TASK DESCRIPTION: Every line of the data below that holds the string "Foto" needs to be reported.

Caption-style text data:
*** Block opens ***
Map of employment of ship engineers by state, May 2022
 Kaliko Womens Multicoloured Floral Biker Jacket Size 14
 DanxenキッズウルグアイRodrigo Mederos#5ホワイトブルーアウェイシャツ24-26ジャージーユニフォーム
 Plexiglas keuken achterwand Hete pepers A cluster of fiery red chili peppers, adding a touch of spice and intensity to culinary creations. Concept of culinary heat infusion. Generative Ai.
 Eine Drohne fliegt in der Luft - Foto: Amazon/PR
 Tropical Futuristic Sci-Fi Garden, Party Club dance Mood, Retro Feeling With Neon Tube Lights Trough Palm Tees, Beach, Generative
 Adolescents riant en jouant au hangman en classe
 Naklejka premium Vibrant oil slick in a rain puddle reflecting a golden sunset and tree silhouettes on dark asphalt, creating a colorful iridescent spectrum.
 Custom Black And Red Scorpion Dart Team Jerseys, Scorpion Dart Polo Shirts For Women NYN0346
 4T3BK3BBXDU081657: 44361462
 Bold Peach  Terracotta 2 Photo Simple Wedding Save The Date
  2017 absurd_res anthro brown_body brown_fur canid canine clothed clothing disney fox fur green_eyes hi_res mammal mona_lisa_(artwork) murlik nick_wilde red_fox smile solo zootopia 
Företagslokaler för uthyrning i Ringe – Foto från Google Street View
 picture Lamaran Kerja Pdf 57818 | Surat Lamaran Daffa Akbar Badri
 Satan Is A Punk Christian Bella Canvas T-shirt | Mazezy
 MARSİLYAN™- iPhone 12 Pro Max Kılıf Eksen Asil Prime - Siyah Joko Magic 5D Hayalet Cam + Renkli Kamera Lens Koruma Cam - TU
*** Block closes ***
ANSWER BOX:
 Eine Drohne fliegt in der Luft - Foto: Amazon/PR
Företagslokaler för uthyrning i Ringe – Foto från Google Street View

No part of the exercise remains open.